Habían sido unos días de larga espera antes de poder asistir al estreno de Armageddon Time de James Gray, y acababa de ver su Two lovers, o sus Noches blancas, director de la emoción sensible y un referente del cine clásico en nuestros días. Y entonces, se coló en mi mochila ese mismo Dostoyevski con sus páginas de Los hermanos Karamazov y vino a mi memoria, creo que fue en La Clave de J.L. Balbin, aquella «desbordante» película de Richard Brooks y sus adaptaciones literarias de Los Karamazov y de Lord Jim de Conrad.
En 1958 construye Brooks su épica y dramática película sobre la saga Karamazov. En el año de Gigi de Minnelli, se nos desliza la lágrima con estos hombres perdidos entre el amor y el odio, la verdad y la mentira; la moral y la ética.
Con un guion adaptado de los hermanos Epstein (los de Casablanca), pergeñado unos cuantos años antes, y un cambio significativo al desplazar de la novela al personaje de Ivan, en favor de un Dimitri más cinematográfico, transformado en la puesta en escena de un Yul Brynner en estado de gracia que parecía que aún no había abandonado su rey de Siam.

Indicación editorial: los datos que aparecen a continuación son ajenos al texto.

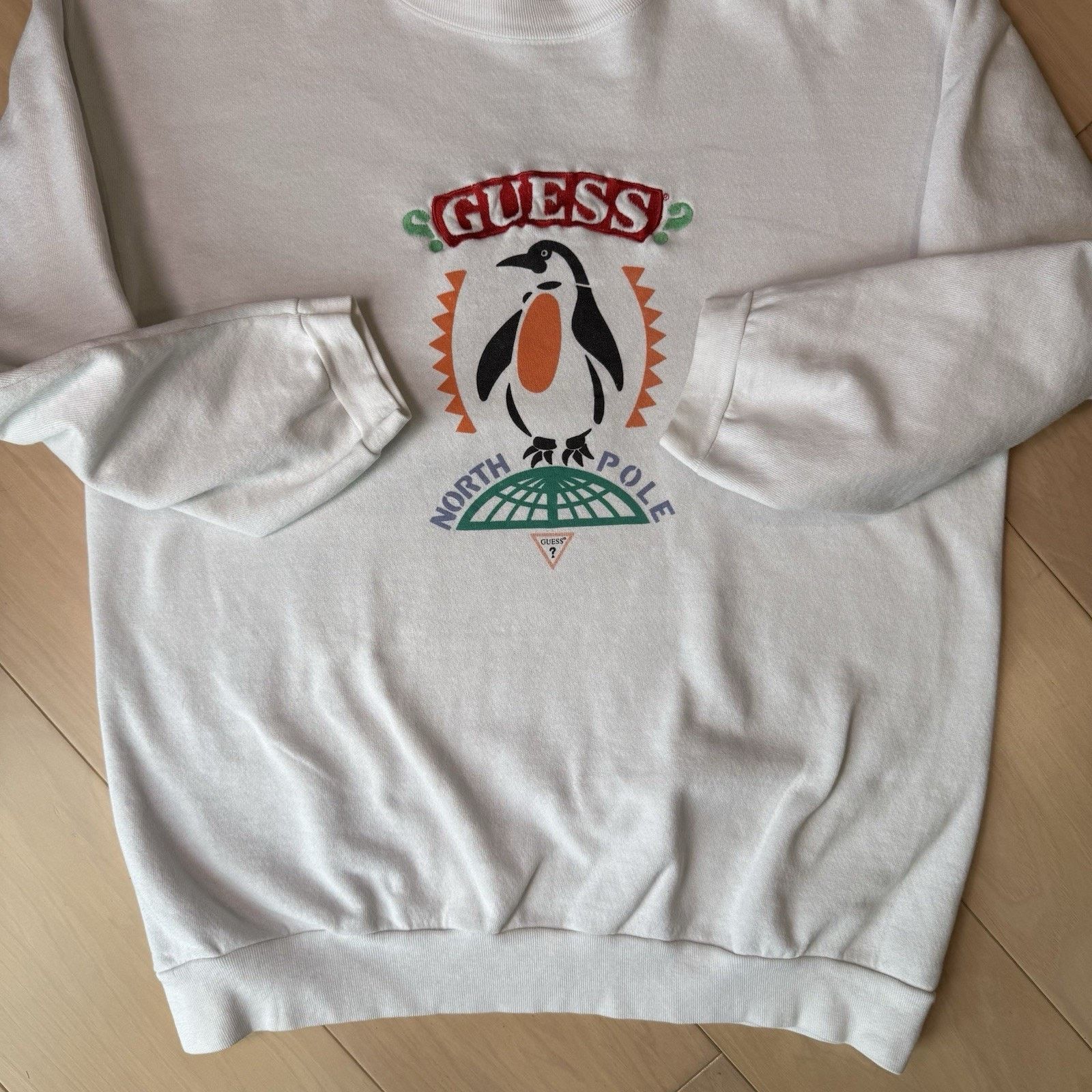 Guess Vintage Guess North Pole Sweatshirt White 90s Made in USA Size US L / EU 52-54 / 3 - 6 Thumbnail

Acierto del director al descartar la opción de Marlon Brando y de Carroll Baker para los papeles protagonistas, porque el dueto Brynner y María Schell funciona a la perfección de la intensidad emocional, construcción de la actriz como una perfecta mujer fatal de la Rusia de finales del XIX, muy al estilo de Hollywood.

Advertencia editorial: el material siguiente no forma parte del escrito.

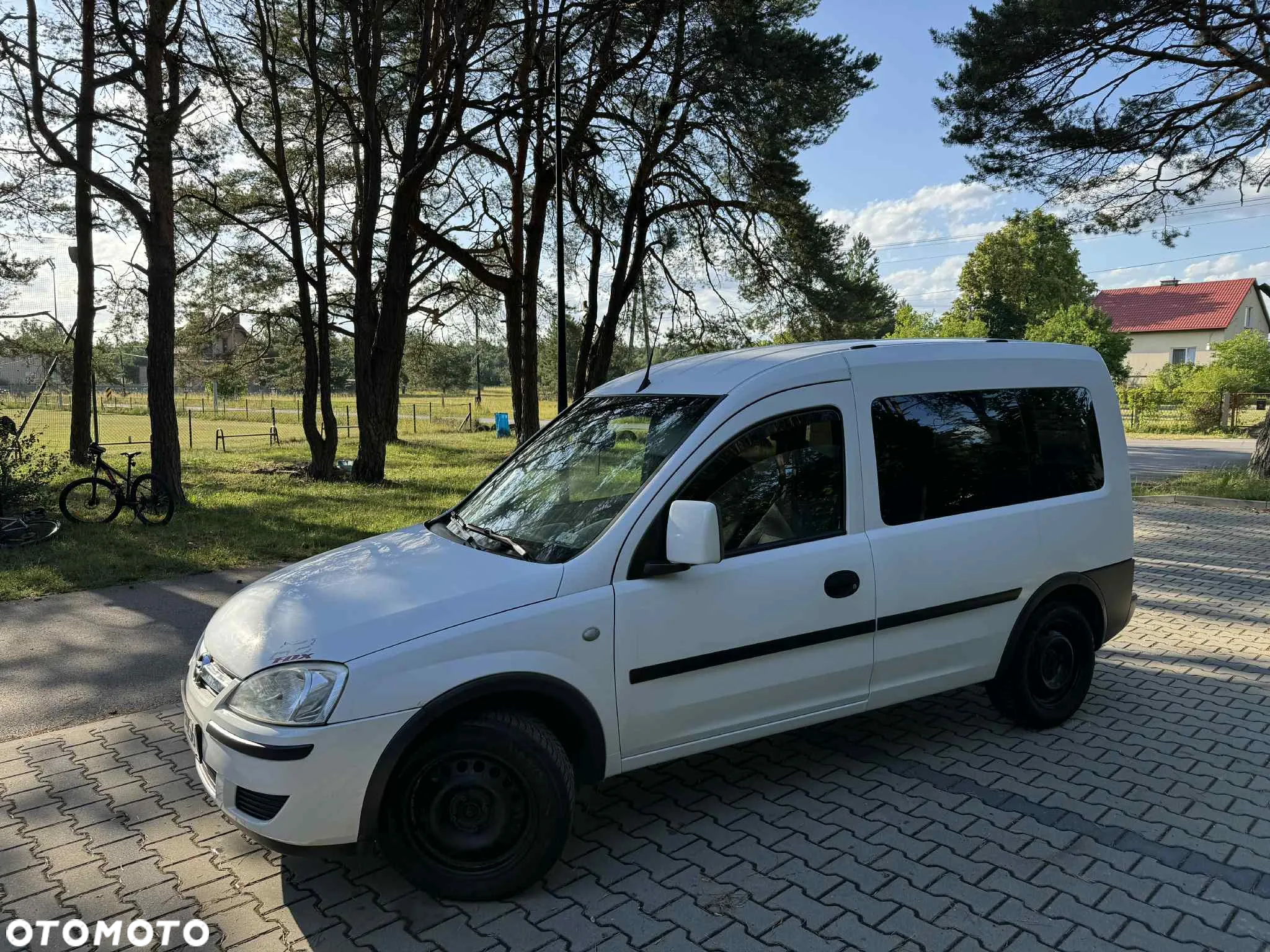 Opel Combo Tour 1.4 Essentia - 9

La fotografía de John Alton (Óscar por Un americano en Paris en 1952, y La brigada suicida de A. Mann) se pone al servicio de la dualidad del ser humano, entre la bondad y el egoísmo o el bien y el mal, traducido en unos encuadres lumínicos de enorme descripción narrativa, del claroscuro a la luminosidad de una carrera de caballos a pleno día; el retrato del alma de cada personaje vestido con la música de Bronislau Kaper (Óscar en 1954 por Lili).
Pero la presencia del director como gran conocedor del Método de Lee Strasberg, se hace patente en Lee J. Cobb, nominado por su trabajo como patriarca de los Karamazov y desplazado por un Burt Ives de Horizontes de Grandeza de W. Wyler. Brooks trabaja ese mismo año con otro actor del método, Paul Newman, en La Gata sobre el tejado de Zinc.
Cobb desarrolla la tensión dramática de la cinta como contrapunto a los actos venideros de su propia conducta. De ahí que el expresionismo, comicidad y rotundidad de su interpretación sea la mayor baza de Brooks en su adaptación. Es el contrapeso perfecto a las interpretaciones de los demás actores, ocupando cada escena en la que aparece y construyendo un universo clásico de fatalidad griega.
En algunos momentos de la película, la necesidad de redención de los personajes conduce al director al trazo sentimental, recordando en algunos momentos al maestro John Ford de Qué verde era mi valle o al mismo Douglas Sirk en los mejores momentos románticos de estos Karamazov que pasaron muy desapercibidos para la Academia del año 1958. Un adolescente que nos habla de la vergüenza y la dignidad, hombres que venden su honor por dinero, amantes perdidos en un trineo en la noche, veladas de desenfreno, un Dios que se busca pero que no se encuentra, la perfidia, celos, venganza, pecado y bondad… La pregunta a si es lícito matar, el derecho a amar y la decidida conclusión de la existencia del mal y por ello, del bien. Todo esto se sintetiza en la genial película de Brooks.
Una película que refleja a la perfección la idea de Aristoteles cuando dijo «el alma es aquello por lo que vivimos, sentimos y pensamos».